Problem details: Nothing but the lines from the start of the data through the line with "Ztrawberry Hanfsamen von Green House Seeds" should appear in the answer, each retyped exactly, and pictures should not.

(Caption-style text data)
- - -

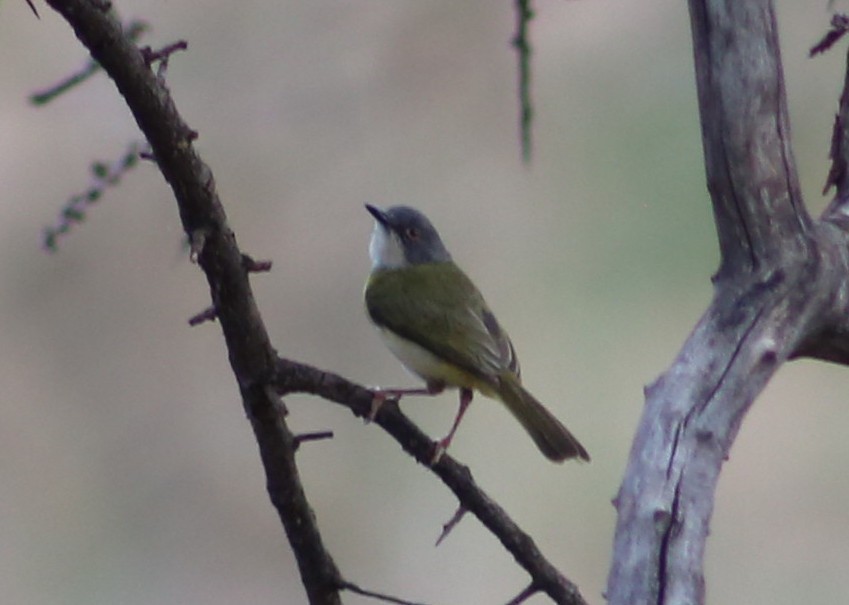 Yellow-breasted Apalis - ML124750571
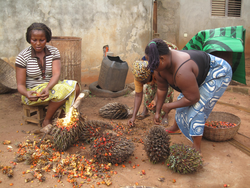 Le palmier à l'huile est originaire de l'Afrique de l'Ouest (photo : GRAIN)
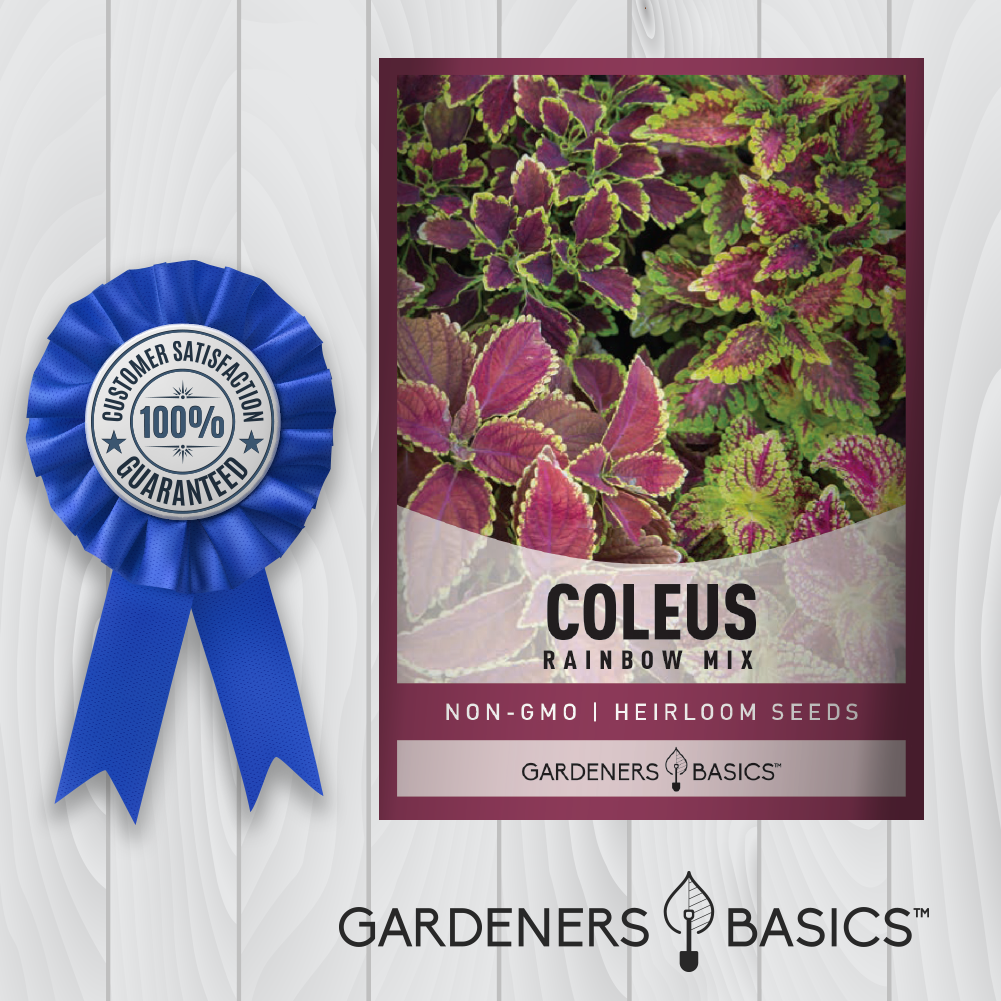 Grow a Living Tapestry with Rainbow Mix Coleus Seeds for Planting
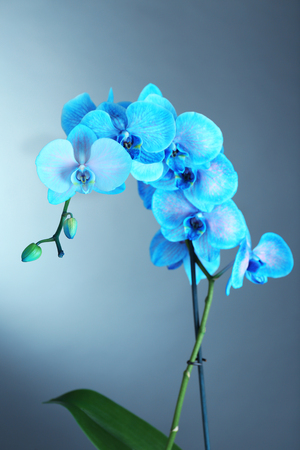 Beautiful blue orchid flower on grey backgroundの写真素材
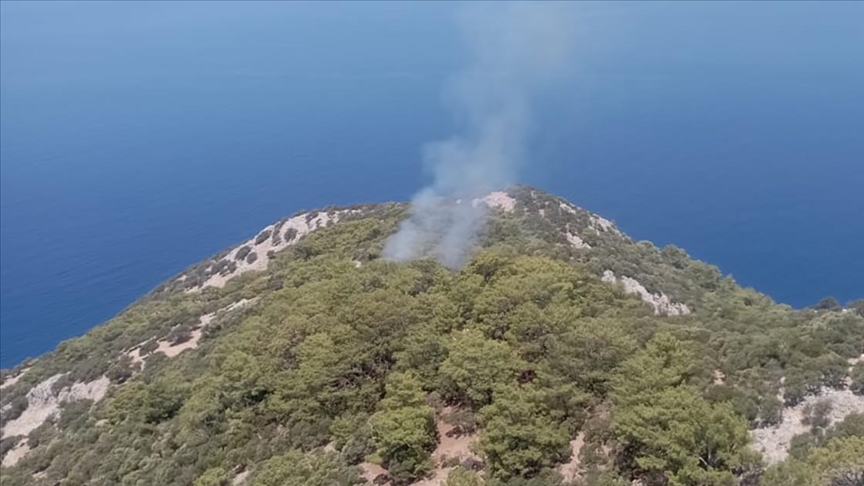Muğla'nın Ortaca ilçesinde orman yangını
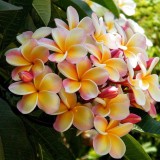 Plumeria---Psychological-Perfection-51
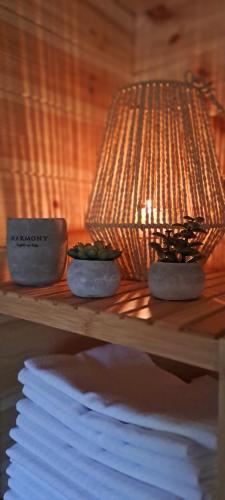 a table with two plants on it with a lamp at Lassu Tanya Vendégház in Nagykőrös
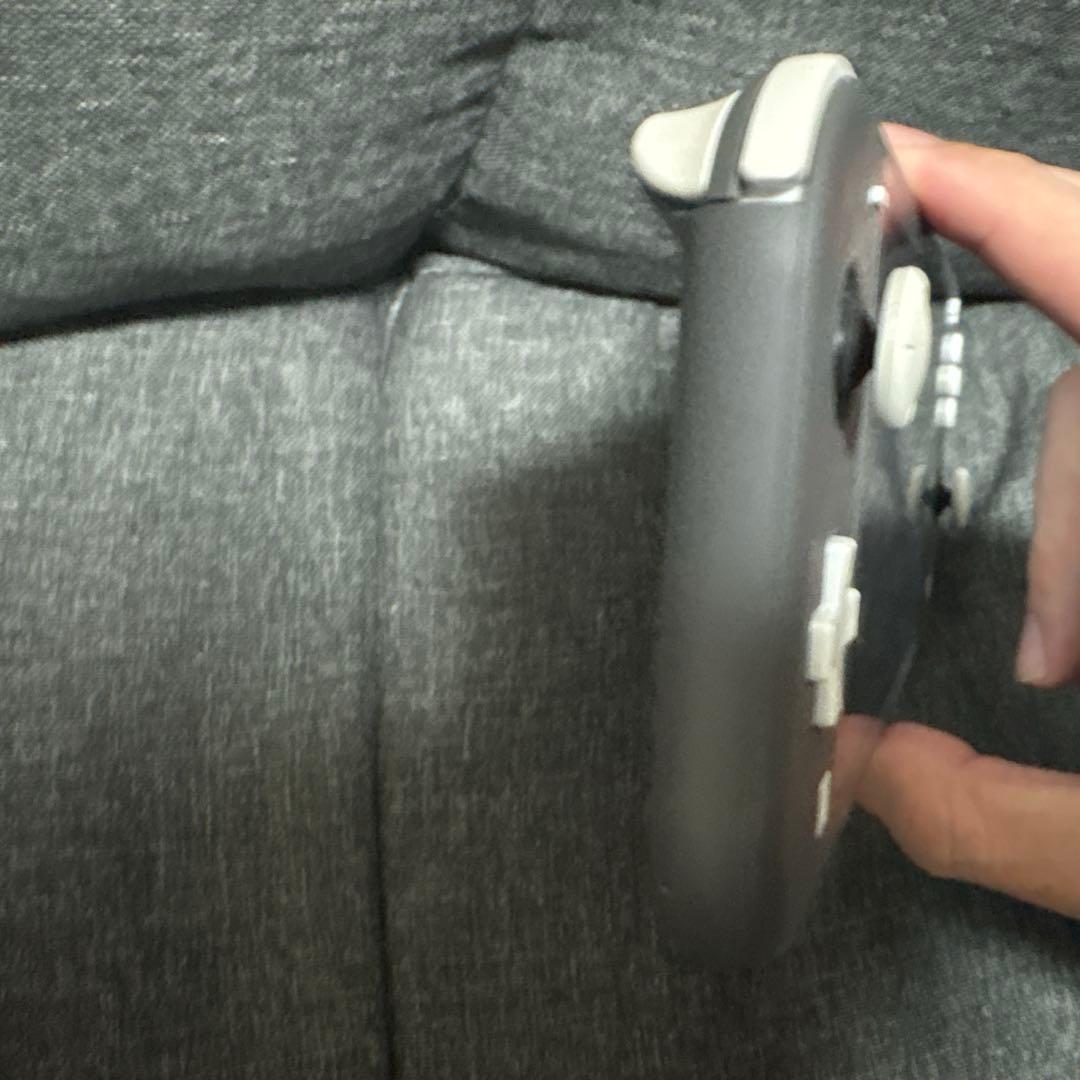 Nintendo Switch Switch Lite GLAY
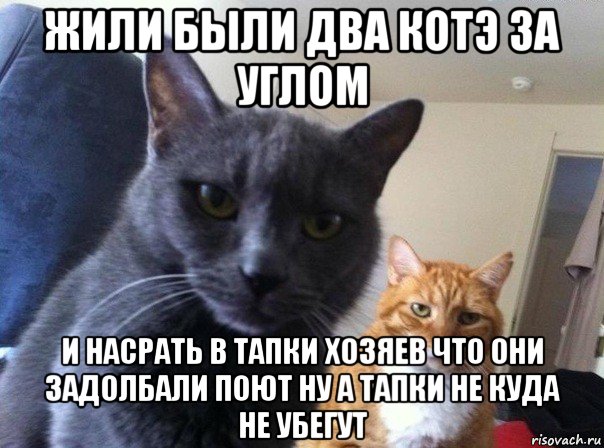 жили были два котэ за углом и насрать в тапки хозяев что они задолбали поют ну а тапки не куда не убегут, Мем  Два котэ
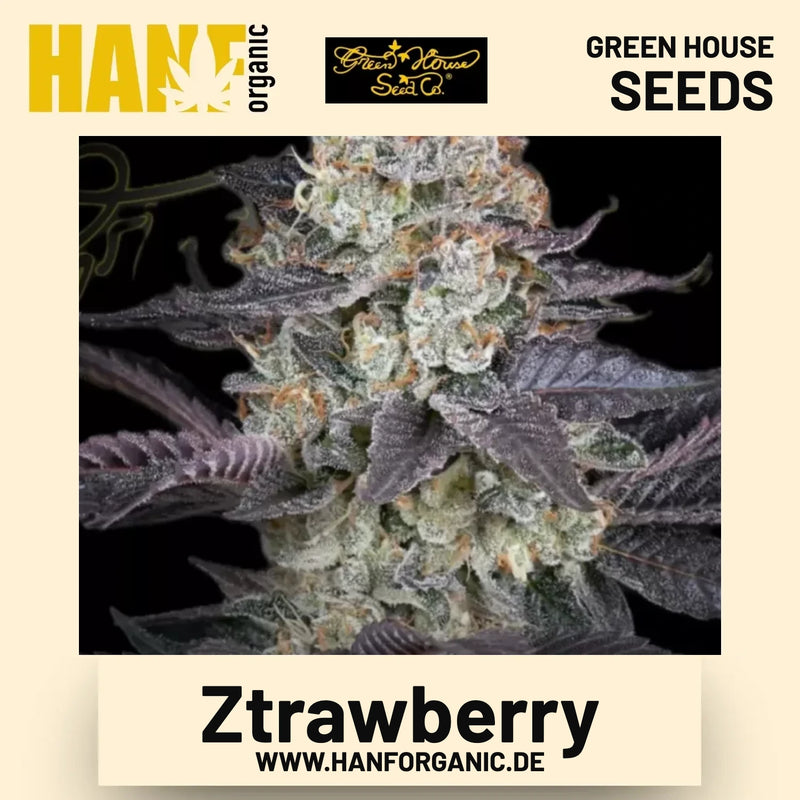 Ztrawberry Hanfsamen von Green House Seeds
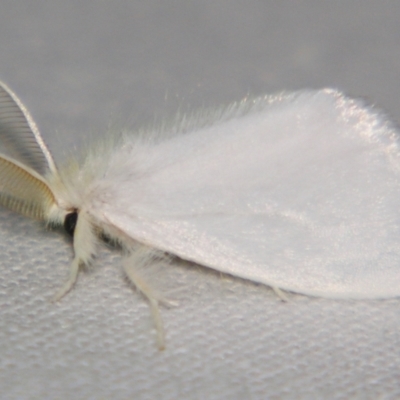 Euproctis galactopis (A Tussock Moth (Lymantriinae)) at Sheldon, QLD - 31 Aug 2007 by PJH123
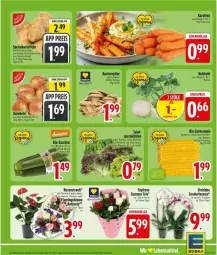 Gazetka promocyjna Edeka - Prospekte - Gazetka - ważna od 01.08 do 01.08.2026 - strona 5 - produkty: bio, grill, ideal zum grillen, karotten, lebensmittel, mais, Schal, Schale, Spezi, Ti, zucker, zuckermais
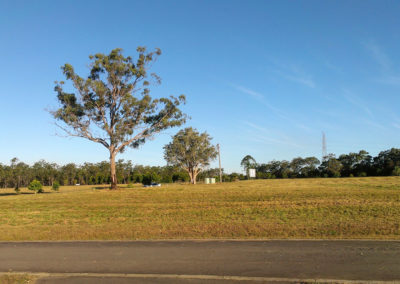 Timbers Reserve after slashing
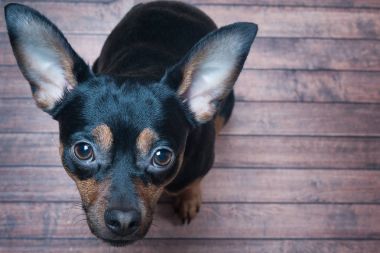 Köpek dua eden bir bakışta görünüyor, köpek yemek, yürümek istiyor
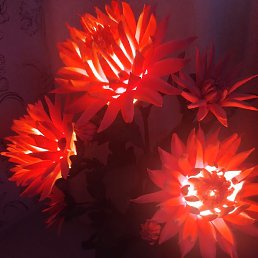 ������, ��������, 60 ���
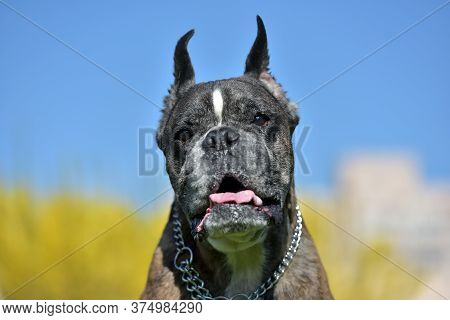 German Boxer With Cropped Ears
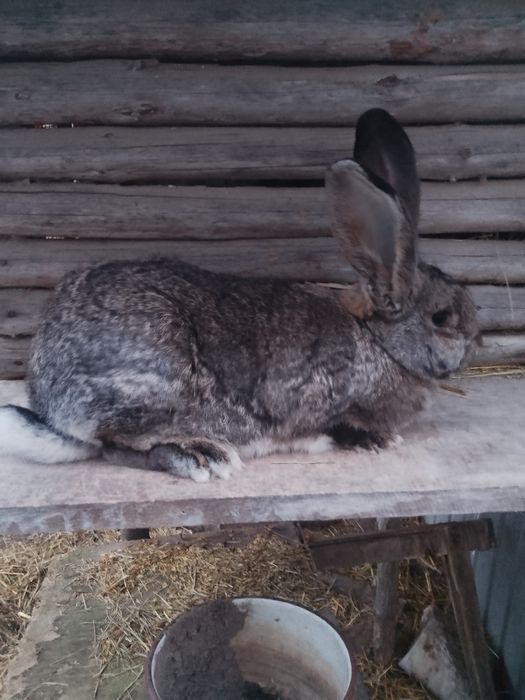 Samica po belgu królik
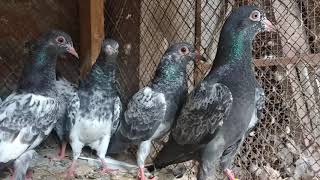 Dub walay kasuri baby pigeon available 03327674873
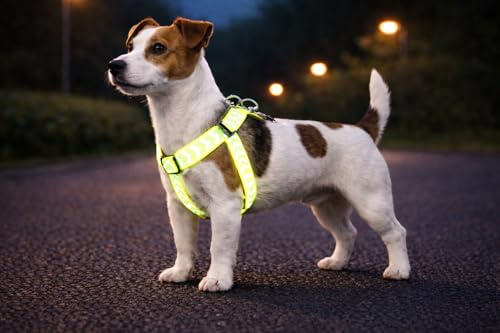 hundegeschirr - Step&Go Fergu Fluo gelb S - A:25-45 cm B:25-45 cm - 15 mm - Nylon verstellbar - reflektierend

- - -

Task result:
 Yellow-breasted Apalis - ML124750571
 Le palmier à l'huile est originaire de l'Afrique de l'Ouest (photo : GRAIN)
 Grow a Living Tapestry with Rainbow Mix Coleus Seeds for Planting
 Beautiful blue orchid flower on grey backgroundの写真素材
Muğla'nın Ortaca ilçesinde orman yangını
 Plumeria---Psychological-Perfection-51
 a table with two plants on it with a lamp at Lassu Tanya Vendégház in Nagykőrös
 Nintendo Switch Switch Lite GLAY
 жили были два котэ за углом и насрать в тапки хозяев что они задолбали поют ну а тапки не куда не убегут, Мем  Два котэ
 Ztrawberry Hanfsamen von Green House Seeds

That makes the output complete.